Larry Blackwell is a research lab technician in Weed Science. Although his main responsibility is to oversee the weed garden and related research requirements, he still finds a bit of time to nurture some desert-possible vegetables.
The “three sisters” – corn, squash, and beans – have been grown throughout the Borderlands for millennia. Native Americans have legends and stories about how the collaboration works to the benefit of all. Although farmers growing for commercial purposes plant crops individually, companion planting as traditionally employed can work well for backyard gardeners.
Larry’s crops are pumpkin, squash, eggplant, all of which are doing well, and tomatoes, which are a classic Borderlands challenge. Pumpkins and squash are members of the Curcurbita species. Eggplants and tomatoes are members of the Genus Solanum. This is the largest genus in the Solanaceae Family, known also as the potato family. Peppers (Genus Capsicum) and Jimsonweed (Genus Datura) grow well here in the Borderlands, but tomatoes and potatoes do not. Several growers are producing delicious organic tomatoes but these are grown under very special conditions. It’s possible that tomatoes that do well in desert regions similar to here may do better than types better adapted to more moist U.S. regions. Larry is growing the eggplant commonly seen in supermarkets, but across the world, there are hundreds of different kinds, some edible, some not.

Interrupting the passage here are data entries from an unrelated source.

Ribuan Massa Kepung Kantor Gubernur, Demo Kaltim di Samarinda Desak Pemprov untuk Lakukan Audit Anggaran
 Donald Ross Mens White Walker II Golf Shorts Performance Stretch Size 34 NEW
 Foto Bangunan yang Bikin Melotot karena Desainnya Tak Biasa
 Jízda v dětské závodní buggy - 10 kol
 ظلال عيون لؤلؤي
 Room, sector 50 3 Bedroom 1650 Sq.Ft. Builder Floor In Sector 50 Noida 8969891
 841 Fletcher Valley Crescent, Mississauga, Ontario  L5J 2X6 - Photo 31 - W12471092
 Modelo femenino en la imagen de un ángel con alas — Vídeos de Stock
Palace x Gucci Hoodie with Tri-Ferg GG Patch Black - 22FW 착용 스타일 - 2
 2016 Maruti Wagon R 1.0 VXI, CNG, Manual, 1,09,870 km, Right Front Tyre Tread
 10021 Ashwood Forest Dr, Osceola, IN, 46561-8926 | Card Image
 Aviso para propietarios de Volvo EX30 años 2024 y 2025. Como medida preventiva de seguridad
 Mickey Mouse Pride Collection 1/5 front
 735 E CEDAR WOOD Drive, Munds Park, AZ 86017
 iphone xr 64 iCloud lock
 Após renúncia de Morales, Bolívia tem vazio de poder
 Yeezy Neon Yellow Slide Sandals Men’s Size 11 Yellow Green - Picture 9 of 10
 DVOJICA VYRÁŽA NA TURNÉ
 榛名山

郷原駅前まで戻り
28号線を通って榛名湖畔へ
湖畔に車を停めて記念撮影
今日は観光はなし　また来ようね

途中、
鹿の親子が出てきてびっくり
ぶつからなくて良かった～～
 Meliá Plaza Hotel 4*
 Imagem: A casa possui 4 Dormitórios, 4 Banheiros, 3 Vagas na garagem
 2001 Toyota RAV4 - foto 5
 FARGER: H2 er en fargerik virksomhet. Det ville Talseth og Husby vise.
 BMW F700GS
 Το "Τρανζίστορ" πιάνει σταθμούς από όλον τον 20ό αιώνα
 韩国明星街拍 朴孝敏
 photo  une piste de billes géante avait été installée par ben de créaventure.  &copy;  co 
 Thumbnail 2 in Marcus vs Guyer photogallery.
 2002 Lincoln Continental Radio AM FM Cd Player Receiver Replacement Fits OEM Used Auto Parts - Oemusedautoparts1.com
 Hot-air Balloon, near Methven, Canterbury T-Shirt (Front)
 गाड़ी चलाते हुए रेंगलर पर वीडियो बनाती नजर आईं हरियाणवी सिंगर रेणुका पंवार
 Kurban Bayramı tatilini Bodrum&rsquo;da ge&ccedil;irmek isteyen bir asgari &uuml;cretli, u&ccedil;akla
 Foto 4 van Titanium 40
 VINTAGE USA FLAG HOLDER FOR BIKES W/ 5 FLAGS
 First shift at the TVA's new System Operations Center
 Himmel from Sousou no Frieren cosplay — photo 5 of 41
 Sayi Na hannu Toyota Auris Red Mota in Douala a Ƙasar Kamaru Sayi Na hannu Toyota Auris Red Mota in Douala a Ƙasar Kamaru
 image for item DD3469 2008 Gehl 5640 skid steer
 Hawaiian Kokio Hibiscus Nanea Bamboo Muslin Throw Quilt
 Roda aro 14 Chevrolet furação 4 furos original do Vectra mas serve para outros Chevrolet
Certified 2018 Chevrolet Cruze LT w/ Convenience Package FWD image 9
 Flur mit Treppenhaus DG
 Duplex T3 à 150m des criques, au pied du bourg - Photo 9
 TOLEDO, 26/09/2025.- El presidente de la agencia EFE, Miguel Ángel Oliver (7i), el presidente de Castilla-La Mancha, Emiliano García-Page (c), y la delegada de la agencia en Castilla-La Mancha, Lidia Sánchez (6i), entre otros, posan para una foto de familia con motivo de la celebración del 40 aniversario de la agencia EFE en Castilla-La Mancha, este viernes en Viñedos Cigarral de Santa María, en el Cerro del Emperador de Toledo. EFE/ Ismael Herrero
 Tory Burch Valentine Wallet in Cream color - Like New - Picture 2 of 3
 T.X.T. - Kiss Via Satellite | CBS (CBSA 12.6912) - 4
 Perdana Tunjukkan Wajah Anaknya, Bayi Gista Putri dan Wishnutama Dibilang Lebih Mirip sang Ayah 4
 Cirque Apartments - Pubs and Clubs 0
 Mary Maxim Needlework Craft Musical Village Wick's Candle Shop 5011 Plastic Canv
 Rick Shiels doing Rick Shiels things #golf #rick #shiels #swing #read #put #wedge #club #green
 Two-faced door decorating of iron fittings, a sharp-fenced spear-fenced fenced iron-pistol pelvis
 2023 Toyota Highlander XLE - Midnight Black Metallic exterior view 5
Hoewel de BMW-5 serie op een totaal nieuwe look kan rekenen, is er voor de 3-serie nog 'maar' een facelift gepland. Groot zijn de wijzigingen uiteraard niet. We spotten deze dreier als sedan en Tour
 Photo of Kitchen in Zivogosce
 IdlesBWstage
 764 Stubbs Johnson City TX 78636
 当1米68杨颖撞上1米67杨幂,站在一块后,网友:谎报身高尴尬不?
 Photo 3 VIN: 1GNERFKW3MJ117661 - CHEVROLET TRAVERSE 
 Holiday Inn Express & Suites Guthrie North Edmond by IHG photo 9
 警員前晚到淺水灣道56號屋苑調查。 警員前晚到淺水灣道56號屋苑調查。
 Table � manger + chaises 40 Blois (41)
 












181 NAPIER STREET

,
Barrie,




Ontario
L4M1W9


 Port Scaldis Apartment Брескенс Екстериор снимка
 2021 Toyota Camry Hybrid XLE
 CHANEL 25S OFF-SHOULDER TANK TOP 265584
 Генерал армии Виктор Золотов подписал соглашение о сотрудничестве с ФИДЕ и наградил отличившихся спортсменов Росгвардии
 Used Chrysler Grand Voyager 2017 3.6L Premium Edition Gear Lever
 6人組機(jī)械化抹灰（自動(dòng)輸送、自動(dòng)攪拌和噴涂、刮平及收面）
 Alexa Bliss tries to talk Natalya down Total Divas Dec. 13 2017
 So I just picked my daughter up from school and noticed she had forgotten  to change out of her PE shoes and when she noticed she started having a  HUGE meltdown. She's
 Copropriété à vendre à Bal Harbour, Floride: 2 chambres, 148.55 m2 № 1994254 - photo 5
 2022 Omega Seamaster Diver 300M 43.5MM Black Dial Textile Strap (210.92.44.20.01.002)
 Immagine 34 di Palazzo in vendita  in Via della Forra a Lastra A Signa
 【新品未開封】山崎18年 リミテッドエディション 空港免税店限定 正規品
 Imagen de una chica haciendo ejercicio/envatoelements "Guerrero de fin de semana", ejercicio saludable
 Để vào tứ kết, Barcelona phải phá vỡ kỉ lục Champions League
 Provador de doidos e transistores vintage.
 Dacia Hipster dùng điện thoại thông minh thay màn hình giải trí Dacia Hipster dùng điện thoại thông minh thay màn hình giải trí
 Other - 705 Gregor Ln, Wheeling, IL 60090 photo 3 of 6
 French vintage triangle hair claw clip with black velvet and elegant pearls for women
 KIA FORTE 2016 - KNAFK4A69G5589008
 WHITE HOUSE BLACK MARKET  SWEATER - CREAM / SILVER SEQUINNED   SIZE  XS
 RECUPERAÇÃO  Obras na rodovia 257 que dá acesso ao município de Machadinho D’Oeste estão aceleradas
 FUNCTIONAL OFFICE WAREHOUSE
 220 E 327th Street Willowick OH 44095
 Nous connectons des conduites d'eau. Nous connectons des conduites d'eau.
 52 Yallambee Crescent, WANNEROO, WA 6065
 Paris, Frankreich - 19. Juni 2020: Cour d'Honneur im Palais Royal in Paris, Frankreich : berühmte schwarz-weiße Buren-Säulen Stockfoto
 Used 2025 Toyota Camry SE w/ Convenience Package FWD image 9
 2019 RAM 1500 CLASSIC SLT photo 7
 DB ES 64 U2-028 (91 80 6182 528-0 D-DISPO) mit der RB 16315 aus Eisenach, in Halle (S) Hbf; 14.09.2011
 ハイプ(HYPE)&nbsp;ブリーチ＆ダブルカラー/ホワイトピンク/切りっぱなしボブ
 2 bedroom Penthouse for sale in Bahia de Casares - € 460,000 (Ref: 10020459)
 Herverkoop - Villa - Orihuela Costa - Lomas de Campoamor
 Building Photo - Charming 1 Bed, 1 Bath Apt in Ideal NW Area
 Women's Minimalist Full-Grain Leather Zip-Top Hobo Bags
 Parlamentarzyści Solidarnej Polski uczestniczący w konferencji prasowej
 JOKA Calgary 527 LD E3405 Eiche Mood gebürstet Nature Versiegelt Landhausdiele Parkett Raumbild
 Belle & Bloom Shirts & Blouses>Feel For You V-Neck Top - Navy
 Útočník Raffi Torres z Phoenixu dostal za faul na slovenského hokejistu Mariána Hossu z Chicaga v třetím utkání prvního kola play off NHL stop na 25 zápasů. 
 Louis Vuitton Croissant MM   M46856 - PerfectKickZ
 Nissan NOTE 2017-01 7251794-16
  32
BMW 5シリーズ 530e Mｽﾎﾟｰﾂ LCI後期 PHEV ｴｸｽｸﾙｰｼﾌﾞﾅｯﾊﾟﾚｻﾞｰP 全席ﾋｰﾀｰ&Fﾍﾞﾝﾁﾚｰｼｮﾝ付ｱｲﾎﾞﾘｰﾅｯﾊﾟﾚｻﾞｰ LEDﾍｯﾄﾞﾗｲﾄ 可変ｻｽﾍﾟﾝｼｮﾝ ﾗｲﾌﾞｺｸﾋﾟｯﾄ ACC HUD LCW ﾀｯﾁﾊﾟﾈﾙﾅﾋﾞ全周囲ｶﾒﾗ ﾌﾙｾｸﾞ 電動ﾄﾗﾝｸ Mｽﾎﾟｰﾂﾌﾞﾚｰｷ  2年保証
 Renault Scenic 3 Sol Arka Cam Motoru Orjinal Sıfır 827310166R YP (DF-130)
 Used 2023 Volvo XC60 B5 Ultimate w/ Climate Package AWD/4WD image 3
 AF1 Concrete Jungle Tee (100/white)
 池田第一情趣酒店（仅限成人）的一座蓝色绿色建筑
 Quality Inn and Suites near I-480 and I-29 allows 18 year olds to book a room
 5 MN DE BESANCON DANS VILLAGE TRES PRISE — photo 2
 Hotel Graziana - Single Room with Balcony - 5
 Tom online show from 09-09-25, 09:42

One of the truly wonderful things about the Leyendecker Plant Research Center is that it sparks new ideas and new explorations. At the farm, researchers grow different plants under different conditions. Some efforts are carefully controlled as true research experiments, and some, like Larry’s vegetable garden, are more relaxed. These kinds of examples are more accessible to kitchen, backyard and community gardeners specifically because of the informality. It’s easy to see something growing in different conditions and to compare results without having to wait for the paper to be published or to wade through complicated technical words to understand what happened.